Last edited: January 25, 2005

Muddled Court Decision Undermines Marriage

Family Research Council, June 26, 2003
Washington Update

By Ken Connor, President

The U.S. Supreme Court’s 6-3 decision striking down Texas’s law against homosexual sodomy is a direct attack on the sanctity of marriage. By extending legal protections to homosexual behavior, the court majority not only struck down the 1986 precedent in Bowers v. Hardwick that upheld Georgia’s anti-sodomy law; the court also demolished the legal foundation of marriage. As Justice Antonin Scalia noted in his scathing opinion in dissent, “State laws against bigamy, same-sex marriage, adult incest, prostitution, masturbation, adultery, fornication, bestiality, and obscenity are likewise sustainable only in light of Bowers’ validation of laws based on moral choices.
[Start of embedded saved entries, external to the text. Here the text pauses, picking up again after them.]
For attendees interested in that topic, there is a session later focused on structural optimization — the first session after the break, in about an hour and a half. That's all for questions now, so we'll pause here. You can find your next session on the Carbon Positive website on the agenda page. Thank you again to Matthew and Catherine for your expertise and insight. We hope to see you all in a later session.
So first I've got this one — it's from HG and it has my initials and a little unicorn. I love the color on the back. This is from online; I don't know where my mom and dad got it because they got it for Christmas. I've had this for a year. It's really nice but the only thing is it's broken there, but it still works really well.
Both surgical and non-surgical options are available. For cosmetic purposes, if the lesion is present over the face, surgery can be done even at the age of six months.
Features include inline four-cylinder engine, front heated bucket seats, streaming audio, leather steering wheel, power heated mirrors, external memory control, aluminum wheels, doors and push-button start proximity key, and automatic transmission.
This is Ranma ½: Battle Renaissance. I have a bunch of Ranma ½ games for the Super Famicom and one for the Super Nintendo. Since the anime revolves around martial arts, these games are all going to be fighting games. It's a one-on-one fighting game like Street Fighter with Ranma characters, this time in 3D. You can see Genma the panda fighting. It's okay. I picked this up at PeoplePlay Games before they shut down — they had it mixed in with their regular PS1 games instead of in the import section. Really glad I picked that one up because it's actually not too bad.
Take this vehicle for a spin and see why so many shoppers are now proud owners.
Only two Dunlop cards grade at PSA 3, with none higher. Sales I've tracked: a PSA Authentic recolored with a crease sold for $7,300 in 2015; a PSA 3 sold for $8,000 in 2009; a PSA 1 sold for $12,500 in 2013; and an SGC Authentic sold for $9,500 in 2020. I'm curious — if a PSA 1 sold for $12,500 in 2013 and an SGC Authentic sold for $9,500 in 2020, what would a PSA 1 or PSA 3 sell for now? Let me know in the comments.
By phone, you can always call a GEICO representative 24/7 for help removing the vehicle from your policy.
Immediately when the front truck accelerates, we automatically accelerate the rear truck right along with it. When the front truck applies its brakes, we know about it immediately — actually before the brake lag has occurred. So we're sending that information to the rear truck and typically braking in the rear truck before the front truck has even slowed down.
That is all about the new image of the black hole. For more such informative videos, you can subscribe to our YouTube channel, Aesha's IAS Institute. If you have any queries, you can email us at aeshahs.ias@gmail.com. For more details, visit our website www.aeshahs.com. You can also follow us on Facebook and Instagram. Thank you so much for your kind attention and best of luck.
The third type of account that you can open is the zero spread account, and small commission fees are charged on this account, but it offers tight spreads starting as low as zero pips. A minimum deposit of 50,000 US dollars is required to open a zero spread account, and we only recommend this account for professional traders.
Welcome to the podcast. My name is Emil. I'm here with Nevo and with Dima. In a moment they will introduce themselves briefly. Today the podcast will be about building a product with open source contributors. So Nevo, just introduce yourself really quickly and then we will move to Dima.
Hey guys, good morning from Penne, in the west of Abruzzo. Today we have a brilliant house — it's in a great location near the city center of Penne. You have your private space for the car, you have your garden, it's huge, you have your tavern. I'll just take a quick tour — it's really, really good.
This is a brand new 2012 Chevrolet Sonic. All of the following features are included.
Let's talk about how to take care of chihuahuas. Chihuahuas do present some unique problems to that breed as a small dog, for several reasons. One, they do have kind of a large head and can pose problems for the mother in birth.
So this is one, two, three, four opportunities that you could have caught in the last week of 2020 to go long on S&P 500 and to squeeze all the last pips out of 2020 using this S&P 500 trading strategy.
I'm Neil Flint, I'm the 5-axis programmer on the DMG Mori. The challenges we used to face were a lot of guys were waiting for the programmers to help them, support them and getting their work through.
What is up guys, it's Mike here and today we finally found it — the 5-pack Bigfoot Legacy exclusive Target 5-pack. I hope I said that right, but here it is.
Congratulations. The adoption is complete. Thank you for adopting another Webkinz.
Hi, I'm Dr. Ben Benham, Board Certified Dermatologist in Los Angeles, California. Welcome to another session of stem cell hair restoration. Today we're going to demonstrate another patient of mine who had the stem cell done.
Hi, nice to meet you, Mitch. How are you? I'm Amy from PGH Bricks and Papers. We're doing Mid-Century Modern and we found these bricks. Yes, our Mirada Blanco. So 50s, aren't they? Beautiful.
Every single one of these laws is called into question by today’s decision; the Court makes no effort to cabin the scope of its decision to exclude them from its holding.”

Indeed, the court opened the door to all of this under an implicit “right to privacy” that appears nowhere in the Constitution, but which the court invented in Griswold v. Connecticut. In that case, the court “divined” a generalized right to privacy not in the actual text of the Constitution, but in the “emanations” from the “penumbras” that surround the words. Having thus invented a right, the court then proceeded to legalize abortion on the basis of this figment of the imagination. Now, in Lawrence v. Texas, the majority has extended the “right to privacy” to embrace homosexual sodomy.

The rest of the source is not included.